Nightfall – Astron Black and the Thirty Tyrants Review

Nightfall // Astron Black and the Thirty Tyrants
Rating:
4.0/5.0 —Like the house band at an asylum; it gets strange.
Label: Metal Blade
Websites: nightfallstar.com | myspace.com/nightfallgr
Release Dates: Out Now Worldwide! (August, 31st)

Now here’s a bird of a different color and what an odd duck it is! Astron Black and the Thirty Tyrants (a grand title) is the eighth platter from long running Greek black/death/doom/gothic/kitchensink act Nightfall. Along with their better known contemporaries Rotting Christ and Septic Flesh, these Spartans have evolved, devolved and transmogrified into different animals over their long existence and their current incarnation is very interesting indeed. Although they defy easy categorization, the focus lies somewhere between black and gothic metal but with traces of everything else tossed in with reckless abandon. The end product is at times confusing, pretty damn cool and not really like anything else out there right now.

After a short, tension building intro, the title track roars out and introduces you to the weird world of Nightfall.
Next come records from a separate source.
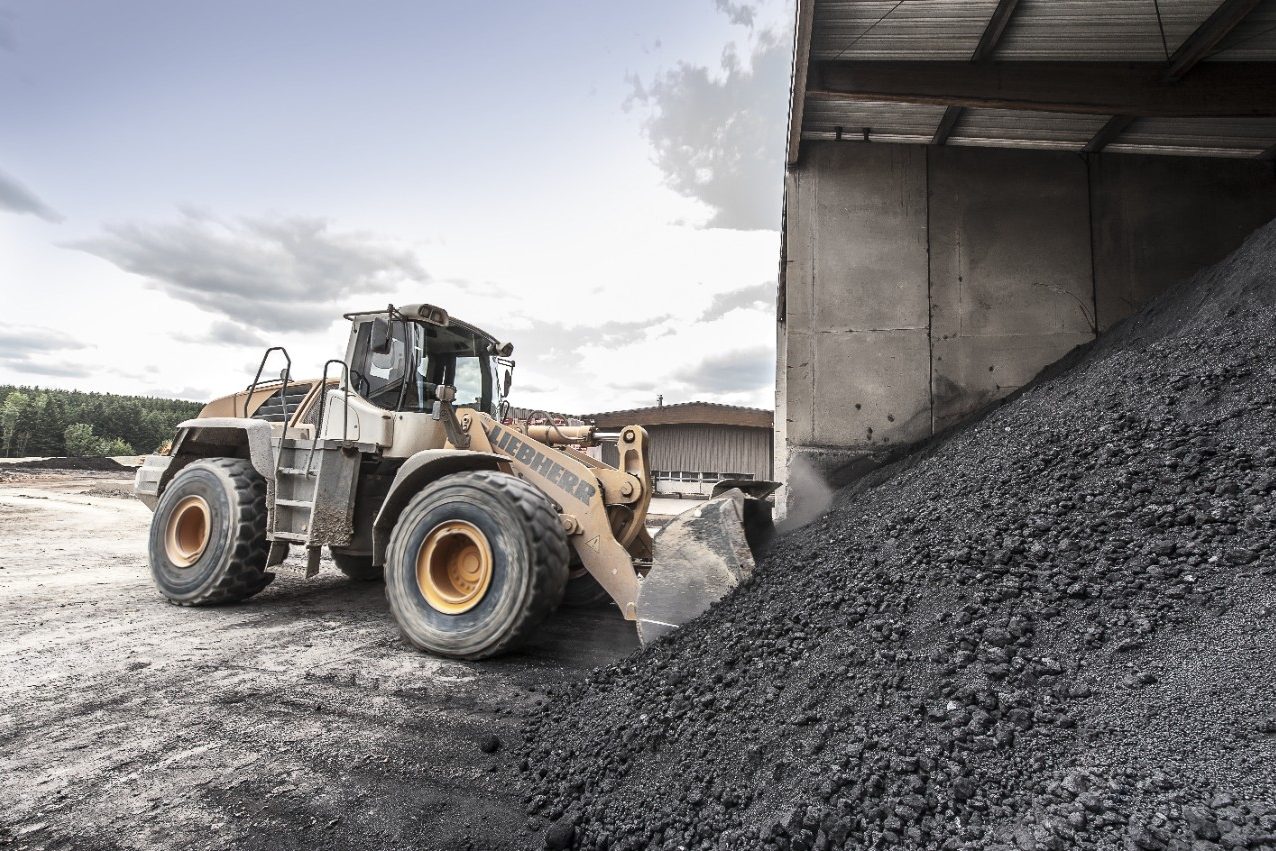 loading raw material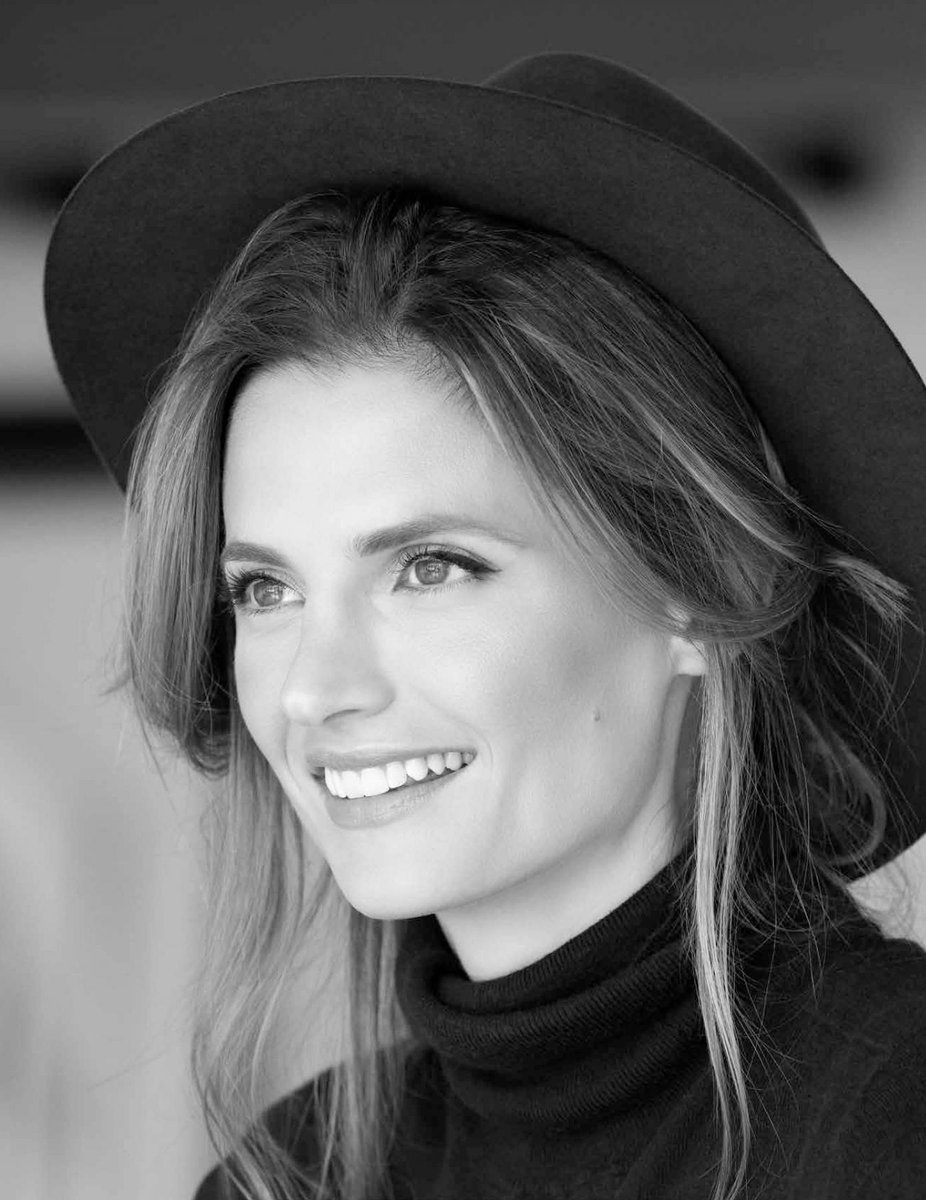 StanaMedia's tweet photo. {scans} Marie Claire Serbia [julho]
⤷ 📸 #StanaKatic por @LIONELDELUY 
https://t.co/CZJC8k0nFl https://t.co/ZED95dsSSK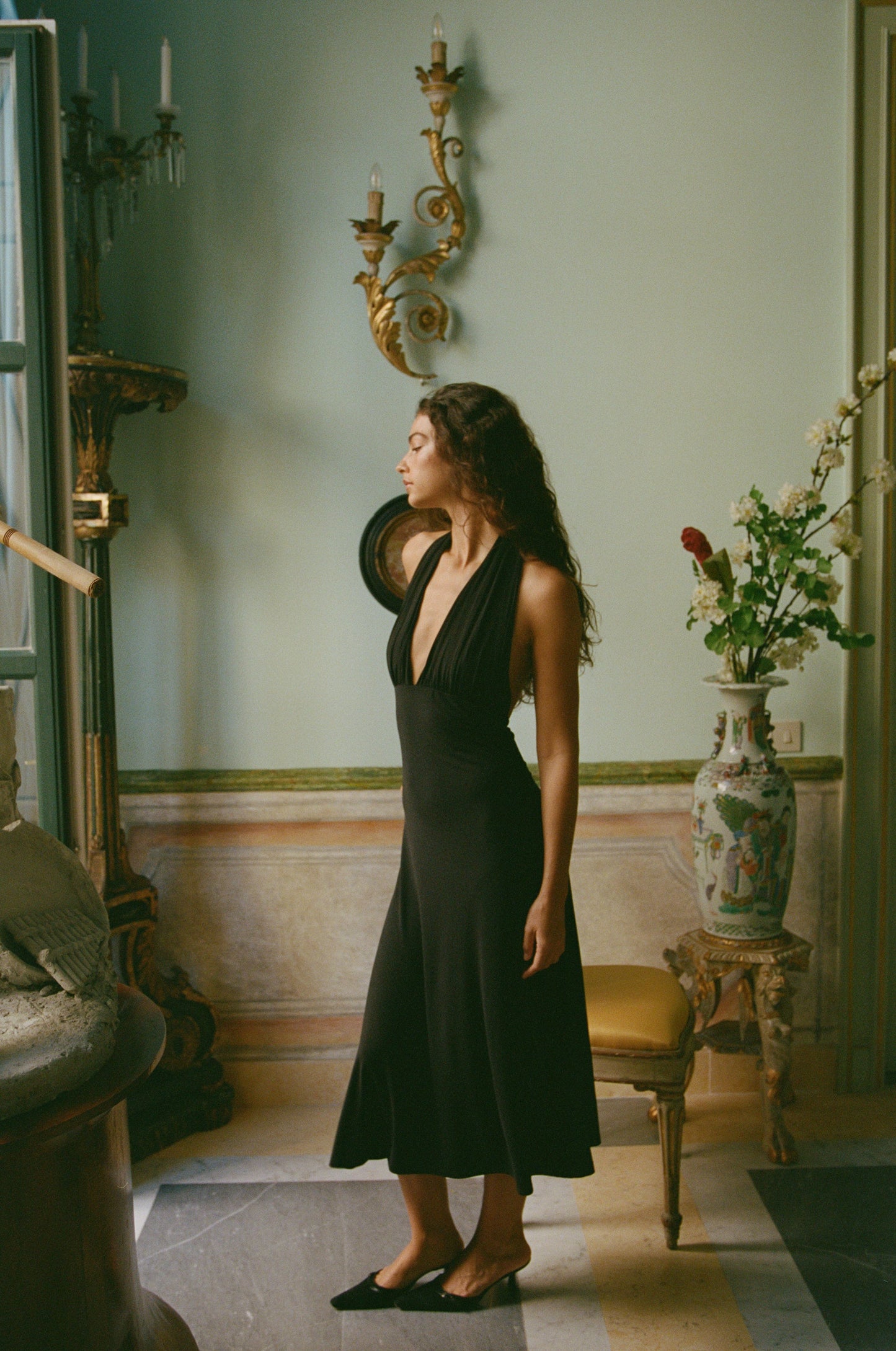 Jenavive Dress (Black)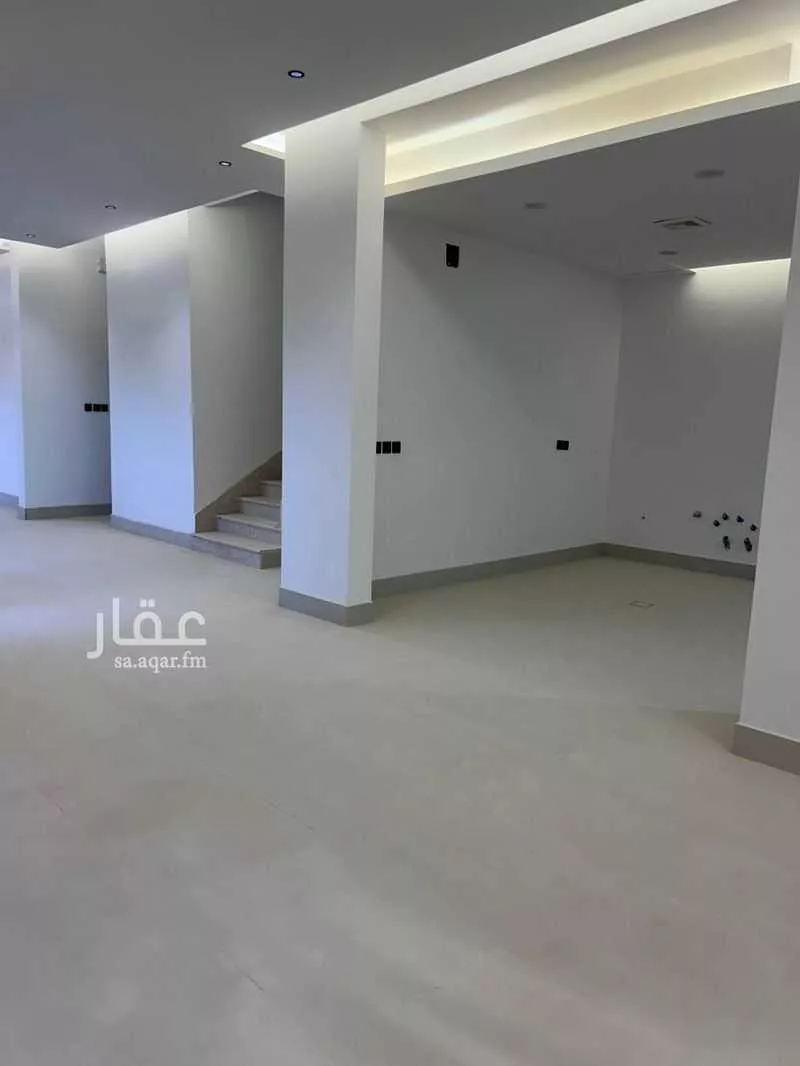 فيلا 5 غرف في بنبان 8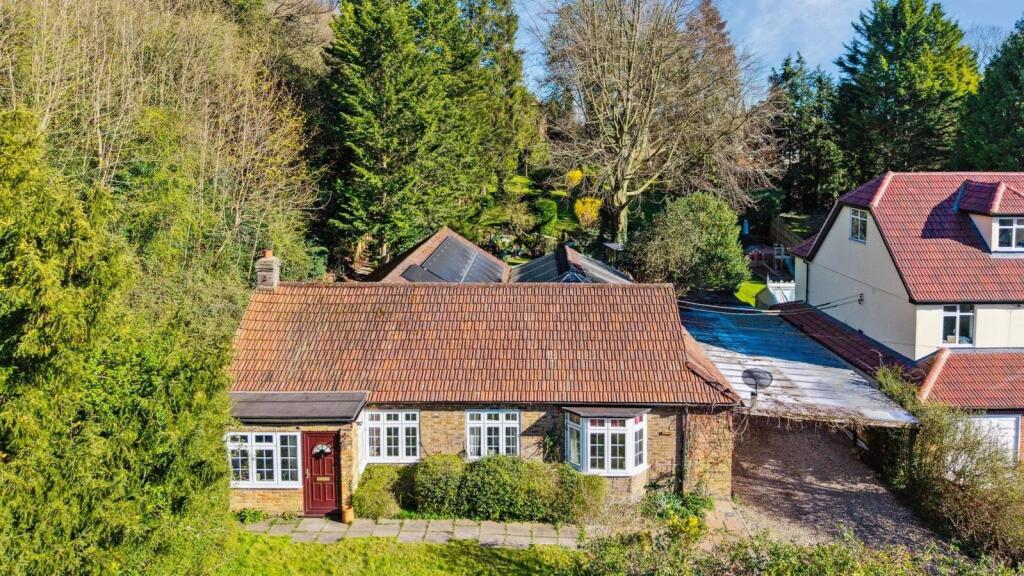 Main image of property: Rayners Avenue, Loudwater, High Wycombe, HP10 9SL
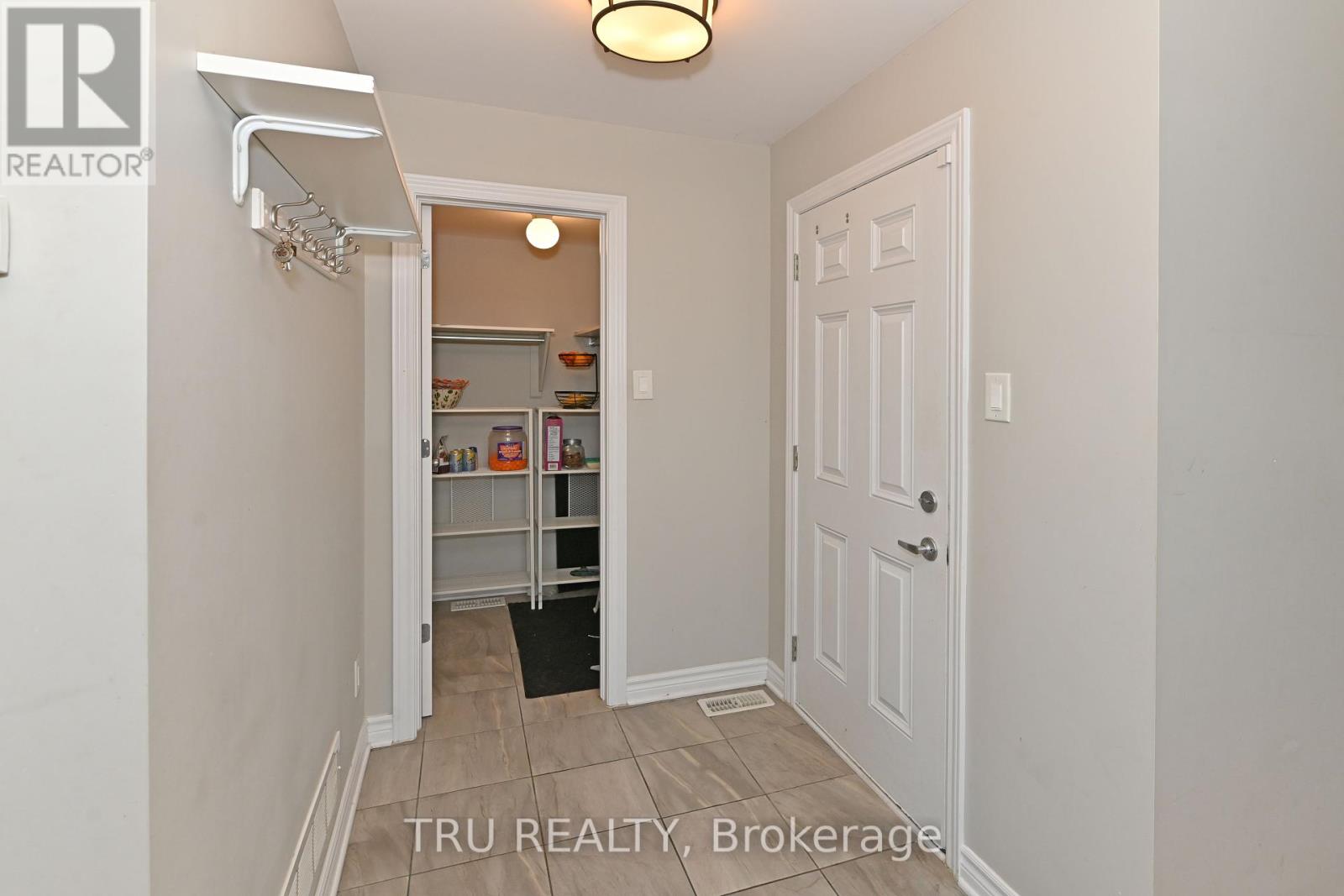 501 Paine Avenue, Ottawa, Ontario  K2T 0K7 - Photo 22 - X12459228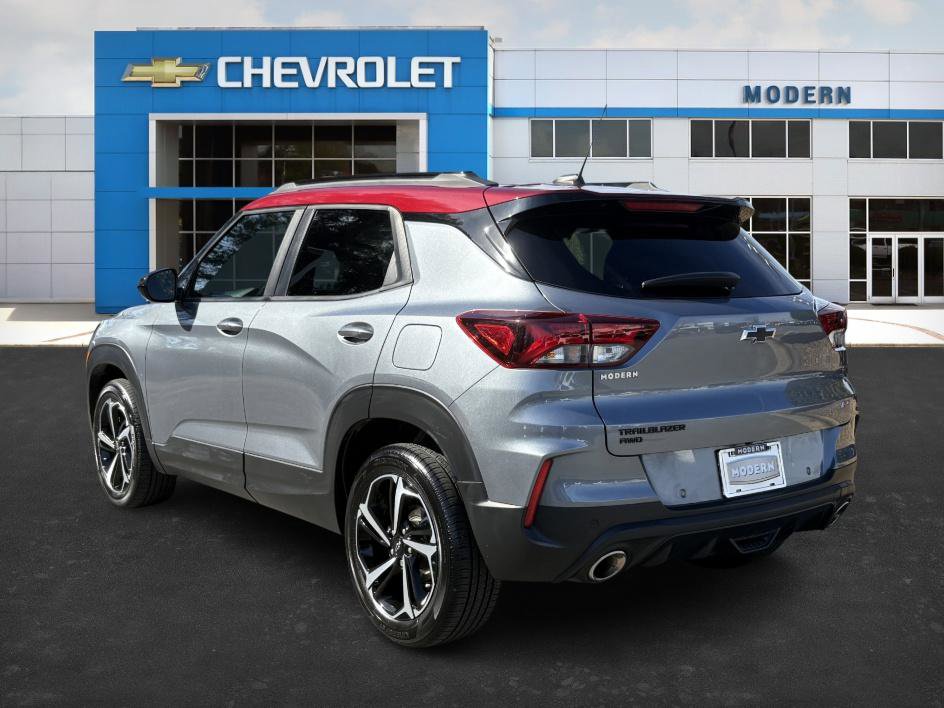 Used 2021 Chevrolet TrailBlazer RS w/ Sun and Liftgate Package image 2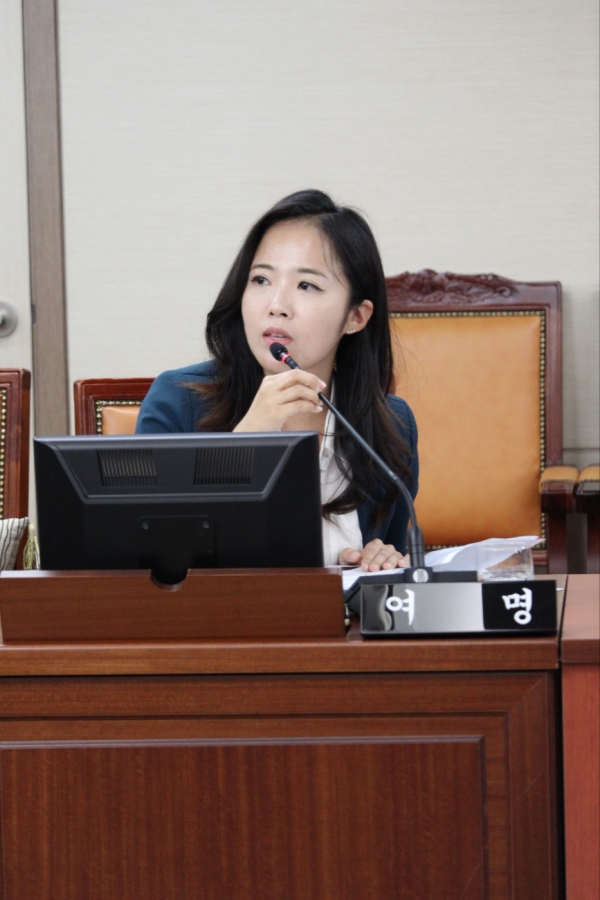 여명 서울시의원이 서울시의회에서 의정활동을 하고 있다. (사진제공=여명 시의원)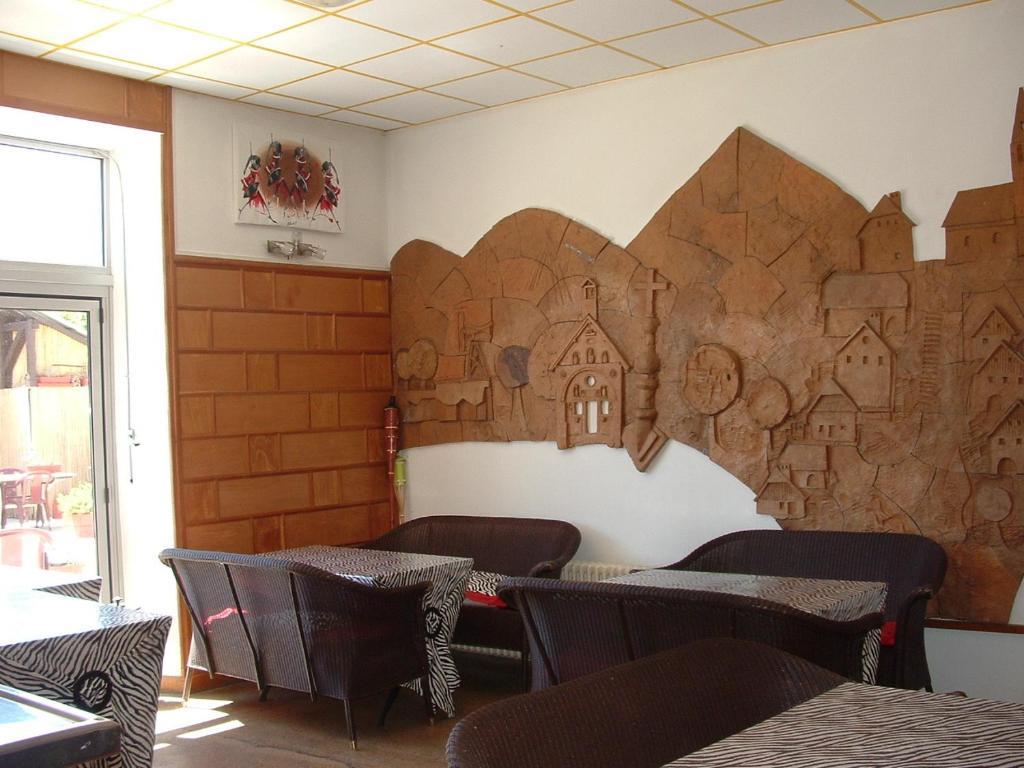 Hotel Le Connetable Сен-Бонне-ан-Шамсор Екстер'єр фото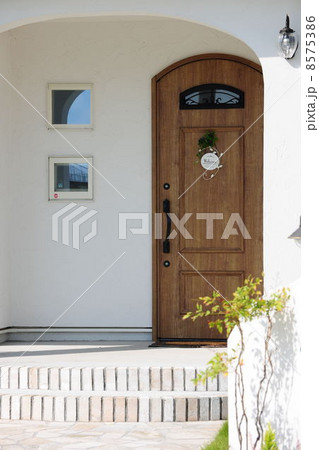 白い外壁の家 8575386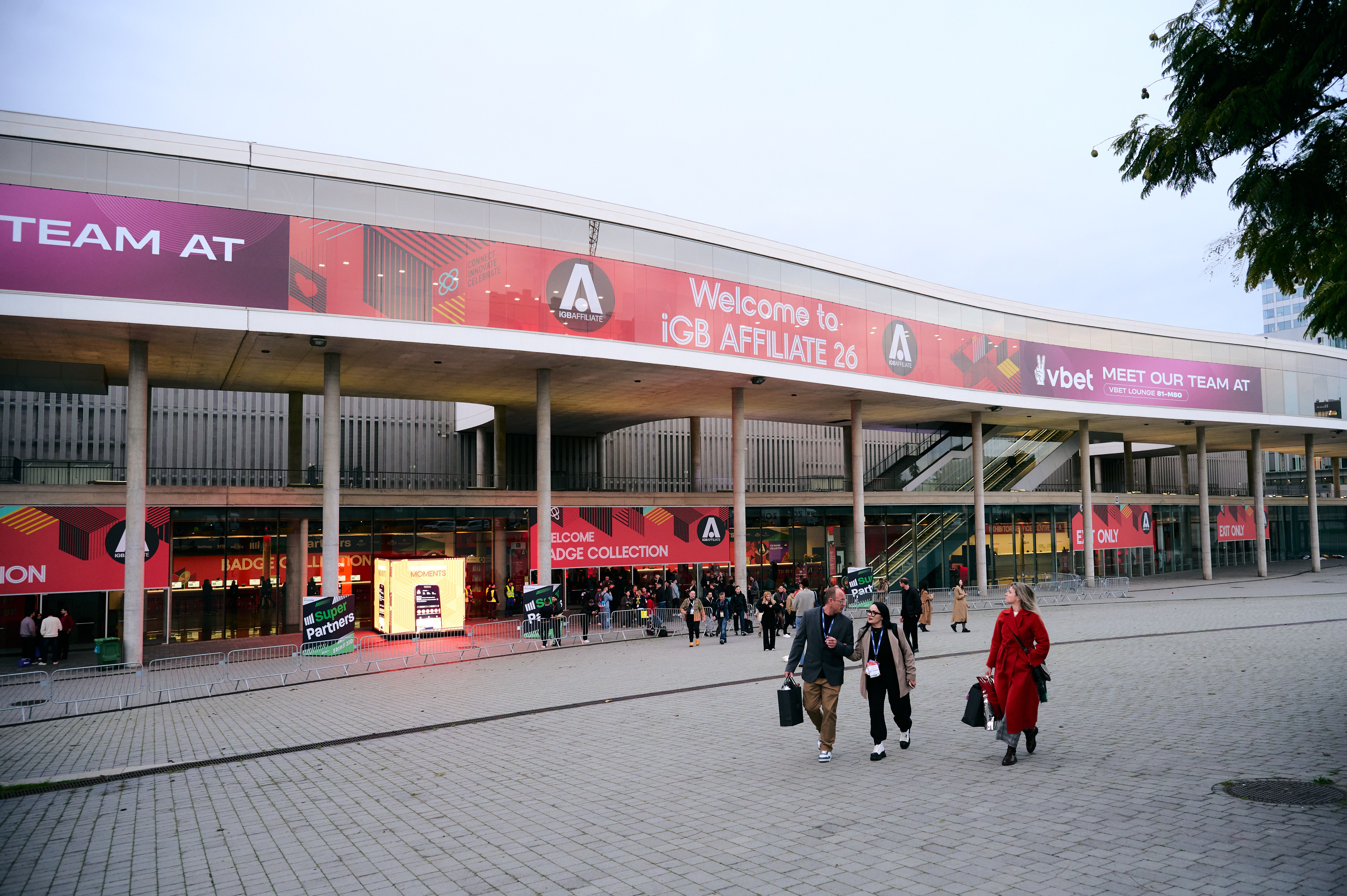 hall8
It’s a world where clean, chanted and blackened death vocals merge with guitars that veer wildly from black metal tremolo picking to epic doom riffery, old In Flames virtuosity and stadium rock showboating. As all this is unspooling you get keyboards alternating from symphonic to space age and touching everything in between. Now toss in a strong emphasis on melody and coat it all with a slick goth-metal sheen and you have one crazy and bumpy ride! The tracks that follow are all equally diverse and chaotic but somehow, it all hangs together and works. At various moments on Astron Black I was reminded of Moonspell’s Wolfheart opus (especially the vocals of Efthimis Karadimas) and Rotting Christ’s A Dead Poem era, but this is much more unhinged and all over the place. Likewise, the discerning ear may find traces of Darkseed, Cemetery and old Amorphis, but only for fleeting moments, as Nightfall lurches off in another direction or three.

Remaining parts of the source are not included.